Erwin Schrodinger was an Austrian theoretical physicist who, in 1935, created a thought experiment to try to explain a concept involving the various states of matter in quantum mechanics. The concept includes a cat, locked in a box. The box includes a device controlled by a radioactive substance, decaying at an unknown rate. The device, upon reaching a certain level, will release a poison that will kill the cat. The point is, that no one knows exactly when the poison will be released, so, at any time the cat can be considered both dead AND alive. The only way to know for sure is…you guessed it…to open the box.
So, notwithstanding the safety and wellbeing of the house pets in the Schrodinger residence, this concept has been applied, over the decades, to other areas of life well outside the field of quantum mechanics. Over our lives we are presented with a plethora of questions, options and choices:
“What will happen if I change schools?” “What will happen if I date my best friend’s sister?” “What will happen if I invest in an emu farm?” You won’t know ‘what will happen’ until you do it. You won’t know until you open the box.
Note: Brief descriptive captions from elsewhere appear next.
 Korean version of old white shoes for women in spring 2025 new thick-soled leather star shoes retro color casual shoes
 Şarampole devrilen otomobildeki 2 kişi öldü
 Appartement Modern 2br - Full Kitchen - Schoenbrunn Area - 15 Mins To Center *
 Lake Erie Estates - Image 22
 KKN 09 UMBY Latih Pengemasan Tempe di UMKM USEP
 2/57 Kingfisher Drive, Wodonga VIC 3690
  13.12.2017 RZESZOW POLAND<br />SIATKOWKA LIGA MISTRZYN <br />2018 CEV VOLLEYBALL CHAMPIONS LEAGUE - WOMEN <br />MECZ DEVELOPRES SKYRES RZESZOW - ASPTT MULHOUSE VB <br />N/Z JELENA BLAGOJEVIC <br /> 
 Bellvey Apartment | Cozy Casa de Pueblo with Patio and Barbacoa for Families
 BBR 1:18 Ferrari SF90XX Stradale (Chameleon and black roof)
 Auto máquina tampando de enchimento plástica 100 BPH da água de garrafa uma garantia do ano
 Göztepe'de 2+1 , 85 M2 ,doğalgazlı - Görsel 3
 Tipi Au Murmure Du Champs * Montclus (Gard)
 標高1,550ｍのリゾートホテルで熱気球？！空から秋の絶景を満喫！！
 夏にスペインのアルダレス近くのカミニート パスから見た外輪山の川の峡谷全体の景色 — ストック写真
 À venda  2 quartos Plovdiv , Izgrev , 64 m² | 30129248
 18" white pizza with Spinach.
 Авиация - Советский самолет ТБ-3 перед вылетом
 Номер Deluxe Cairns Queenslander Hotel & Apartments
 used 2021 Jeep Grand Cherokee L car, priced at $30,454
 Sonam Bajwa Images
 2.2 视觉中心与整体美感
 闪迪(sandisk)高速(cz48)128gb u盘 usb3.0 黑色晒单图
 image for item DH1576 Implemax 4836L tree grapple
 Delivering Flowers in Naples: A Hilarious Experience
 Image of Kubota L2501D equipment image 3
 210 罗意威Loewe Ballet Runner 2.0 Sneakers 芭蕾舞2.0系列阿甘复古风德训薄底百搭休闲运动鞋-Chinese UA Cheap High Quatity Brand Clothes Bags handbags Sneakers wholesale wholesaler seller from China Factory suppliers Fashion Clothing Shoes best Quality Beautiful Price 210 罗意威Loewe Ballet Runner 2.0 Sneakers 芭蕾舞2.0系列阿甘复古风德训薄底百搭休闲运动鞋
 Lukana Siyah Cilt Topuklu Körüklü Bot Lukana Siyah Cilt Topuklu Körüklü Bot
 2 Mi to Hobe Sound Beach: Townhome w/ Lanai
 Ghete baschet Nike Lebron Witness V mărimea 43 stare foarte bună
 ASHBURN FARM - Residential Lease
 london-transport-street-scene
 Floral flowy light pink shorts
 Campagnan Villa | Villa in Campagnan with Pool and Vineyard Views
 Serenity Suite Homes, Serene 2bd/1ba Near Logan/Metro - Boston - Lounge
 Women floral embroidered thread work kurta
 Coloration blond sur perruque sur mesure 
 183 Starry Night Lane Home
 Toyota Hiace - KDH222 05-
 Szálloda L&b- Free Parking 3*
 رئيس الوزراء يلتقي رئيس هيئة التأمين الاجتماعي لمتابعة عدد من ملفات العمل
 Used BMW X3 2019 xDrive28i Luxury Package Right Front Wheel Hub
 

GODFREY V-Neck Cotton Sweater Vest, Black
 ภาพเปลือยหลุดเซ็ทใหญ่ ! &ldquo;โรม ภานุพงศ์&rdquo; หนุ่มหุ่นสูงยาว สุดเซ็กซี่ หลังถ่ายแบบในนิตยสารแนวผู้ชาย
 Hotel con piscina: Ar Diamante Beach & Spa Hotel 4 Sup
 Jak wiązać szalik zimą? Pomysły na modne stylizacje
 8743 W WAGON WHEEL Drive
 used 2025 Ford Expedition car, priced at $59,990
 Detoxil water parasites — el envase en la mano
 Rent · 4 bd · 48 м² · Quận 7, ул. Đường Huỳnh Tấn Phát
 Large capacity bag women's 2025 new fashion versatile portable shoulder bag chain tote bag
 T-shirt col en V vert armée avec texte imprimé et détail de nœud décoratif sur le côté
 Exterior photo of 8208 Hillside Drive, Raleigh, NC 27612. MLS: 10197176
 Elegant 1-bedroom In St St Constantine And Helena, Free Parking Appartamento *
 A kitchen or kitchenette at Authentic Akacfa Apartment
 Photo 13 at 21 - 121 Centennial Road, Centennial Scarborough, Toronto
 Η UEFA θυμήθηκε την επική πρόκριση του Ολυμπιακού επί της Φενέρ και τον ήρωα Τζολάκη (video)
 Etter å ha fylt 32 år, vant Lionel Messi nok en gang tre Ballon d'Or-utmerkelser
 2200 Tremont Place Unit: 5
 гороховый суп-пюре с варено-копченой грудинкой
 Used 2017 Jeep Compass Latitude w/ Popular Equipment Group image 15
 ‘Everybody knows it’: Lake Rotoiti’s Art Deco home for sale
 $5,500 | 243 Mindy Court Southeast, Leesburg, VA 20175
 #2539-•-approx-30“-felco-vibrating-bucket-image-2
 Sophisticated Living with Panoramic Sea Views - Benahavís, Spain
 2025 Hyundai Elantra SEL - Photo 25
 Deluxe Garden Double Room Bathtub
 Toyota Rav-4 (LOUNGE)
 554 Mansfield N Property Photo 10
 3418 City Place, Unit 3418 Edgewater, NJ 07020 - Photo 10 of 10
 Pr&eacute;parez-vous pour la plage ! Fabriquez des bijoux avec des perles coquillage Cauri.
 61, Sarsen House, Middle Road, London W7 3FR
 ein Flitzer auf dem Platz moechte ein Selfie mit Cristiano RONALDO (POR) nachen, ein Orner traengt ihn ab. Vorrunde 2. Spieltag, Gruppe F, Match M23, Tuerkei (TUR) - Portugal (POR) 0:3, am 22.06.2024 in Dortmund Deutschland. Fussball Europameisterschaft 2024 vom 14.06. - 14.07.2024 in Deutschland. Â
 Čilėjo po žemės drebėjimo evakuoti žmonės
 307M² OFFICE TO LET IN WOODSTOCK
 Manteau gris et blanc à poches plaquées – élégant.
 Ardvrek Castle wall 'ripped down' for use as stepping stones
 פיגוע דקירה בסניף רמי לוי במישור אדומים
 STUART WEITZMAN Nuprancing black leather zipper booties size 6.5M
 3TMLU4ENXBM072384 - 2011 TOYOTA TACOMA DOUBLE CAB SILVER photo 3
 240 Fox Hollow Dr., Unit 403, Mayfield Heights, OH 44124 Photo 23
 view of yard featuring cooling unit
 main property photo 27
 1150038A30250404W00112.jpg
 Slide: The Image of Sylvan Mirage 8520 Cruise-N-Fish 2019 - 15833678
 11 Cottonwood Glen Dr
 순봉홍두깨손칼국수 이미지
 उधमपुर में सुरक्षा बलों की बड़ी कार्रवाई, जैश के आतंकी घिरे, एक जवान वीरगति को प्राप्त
“What does this have to do with Brexit?” you ask. Maybe nothing; maybe everything (do you see what I did there?).
In the last few weeks we have been bombarded with conjecture and speculation from both sides of the Brexit argument. For example: “If we leave we will lose X,000 jobs!” or, “If we leave we will GAIN X,000 jobs!” or, “If we leave we can save £X,000,000 per minute in aid payments!” or, “If we leave, the price of a family holiday will rise by £X,000!” or, “If we leave, XYZ Ltd. will pack up and move to Luxembourg!” or…
Fortunately, this time around, the general public in the UK seems to have caught on that the figures being batted around like cricket balls on steroids, are just that…figures. At this point no one really knows what is going to happen. All we have now is uncertainty.
To add to the confusion, I am sure that many of you on both sides of our business have either received, or issued notice, that margin requirements will increase on GBP and EUR before and during the vote. I heard from one large broker that it may actually disable its EA functionality on platforms for the same reason. Considering what happened during the Scottish referendum, and last year’s spectacular events at the Swiss National Bank, this is just good business sense.
Also, news analytics on this topic are intriguing, with clever algorithms showing vastly different results from the physical polls.
You’d think at this point, I would circle back to my cat metaphor, and make the painfully obvious conclusion. Sorry; we aren’t there yet.
Something came to my attention just last week that really caught me off guard. A friend of ours is a successful, European born businessman. He asked the question: “…will I have to leave?” The question literally made my jaw drop, and I realised that there was something missing from the equation.
FBS Receives Best Forex Broker Europe 2019 Award by The European MagazineGo to article >>
I needed more information on the topic and, fortunately, I didn’t have far to go. We work in a awesome building in the City of London and when we are not working on news analytics for FX brokers, we get to network and share ideas with some cool people with creative concepts.
Most of these individuals are younger than I (OK, they are ALL younger than I am) and were not born in the UK. So, I asked a simple question: “Do you and you friends worry about having to leave the UK as a result of the Brexit vote?” The answer was a resounding 100% “Yes”. Of course, in kind, I was asked, “What do YOU think is going to happen?” I did not mention cats at this point.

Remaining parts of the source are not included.